A Question Concerning Expansion

By: Peter Wittwer
After our visit today with Federal Mogul and Ford, the two companies seemed to have very different business models. As Ellen Hughes-Cromwick and Dennis Tosh reiterated today, Ford is not trying to expand their company through the acquisition of other companies. They are focused on growth from within, specifically focusing on making great Ford cars as well as pushing Lincoln to become their single luxury car brand. Mulally consolidated the brand to shed costs of the other brands, such as Jaguar, Land Rover, and Aston Martin. He believed that getting the focus back on the Ford brand would increase quality and increase sales. It was Mulally’s, “One Ford,” that allowed the company Ford survive the financial crisis without declaring bankruptcy in the mid 2000’s. On the other hand, Ford Mogul has had a very different approach to growth. In 2002, Federal Mogul was catapulted into bankruptcy because of the purchase of Turner & Newall. They were responsible for the Armley asbestos disaster in Leeds, UK. The large number of products liability claims was the main cause of Federal-Mogul’s Chapter 11 bankruptcy. To emerge from this economic disparity, Federal-Mogul acquired many companies such as Robert G. Evans Co., Hanauer Machine Works, Inc., Metaltec, Inc., Mather Co. and Fel-Pro, Inc. They emerged from Chapter 11 in 2008, and since have solidified their position as one of the leaders in their industry as a supplier of various automobile parts. Since 2008, they have purchased the Daros Group in 2010 and the BERU spark plug business in 2012. Ford tried to maintain multiple companies they acquired and ultimately it led to spreading themselves thin. It will be interesting to see if Federal Mogul will meet a similar demise if they continue to expand and acquire different firms, or if Ford can continue to grow just focusing on producing great Fords as well as if they can turn Lincoln into a competitive luxury car brand.

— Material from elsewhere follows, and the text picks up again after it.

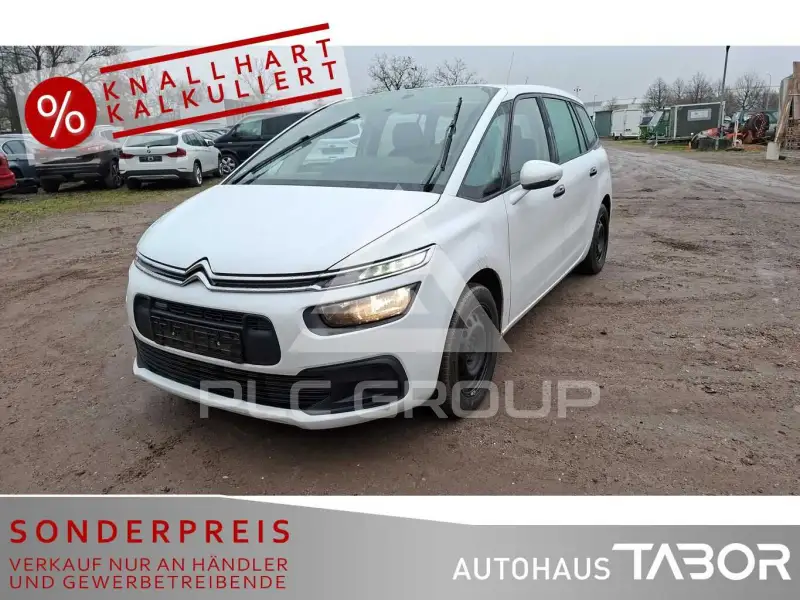 2016 Citroen C4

4 comments to A Question Concerning Expansion

  • mayolj16

    I think the difference in strategies comes from the different industries they are in. While selling Land Rover, Aston Martin, and Volvo would represent selling some of the substitutes for the products produced by Ford and Lincoln, for Federal Mogul, buying other companies would represent buying producers of other autoparts that they do not produce, or buy producers of the same parts but in other countries, as it happened in Argentina with the purchase of In.De.Co. H. Minoli.

  • Alexander Dawejko

    I think because of the nature of the two businesses that they are both correct in their moves. Ford needs to focus (no pun intended) on itself; even Lincoln is a ball and chain that if cut Ford would be better off. Fed. Mogul is putting numbers on the board for the first time in years because they are diversifying their portfolio of products. Ford has been doing really well with the recent success of the Focus, the dashing Fusion, and of course the classics F150 and the Mustang. With the new CEO Fed Mogul is moving towards more after market goods which is exactly where the profit is.. and it shows! They profited for the first time in a decade last year! So by doing opposite things with their businesses they are in fact doing the same thing… making profit.

  • Louis Ike

    I somewhat disagree with the comments of my peers above. I accept that the nature of the supplier industry is much different in many aspects from the nature of the OEM business. Nonetheless, I am not sold that the differences arising between the two calls for such an incredibly different growth strategy that one would grow entirely internally and the other solely through M&A’s. Sometimes companies attempt to hide losses or dodge diminishing market shares by acquiring other companies, but this is only temporary and the wary investor can easily look into the financials to find out the truth. It is possible that all of Federal Mogul’s acquisitions provided synergies enhancing the business of both organization, but I am not entirely sold. That said, I do understand the strategy of Ford to look internally for growth seeing the bleak history of success by OEM’s in acquisitions.

  • The pre-bankruptcy M&A surge at Federal-Mogul led to Chapter 11, too hasty. But the underlying set of firms was reasonable, and since then the acquisitions have been quite selective (I’d have to research to find what if anything they’ve sold off). Some of this comes from other firms trying to rebalance after their own M&A boom that left them with product lines that didn’t fit the rest of the company (BERU). There’s a lot of this focused M&A the past couple years.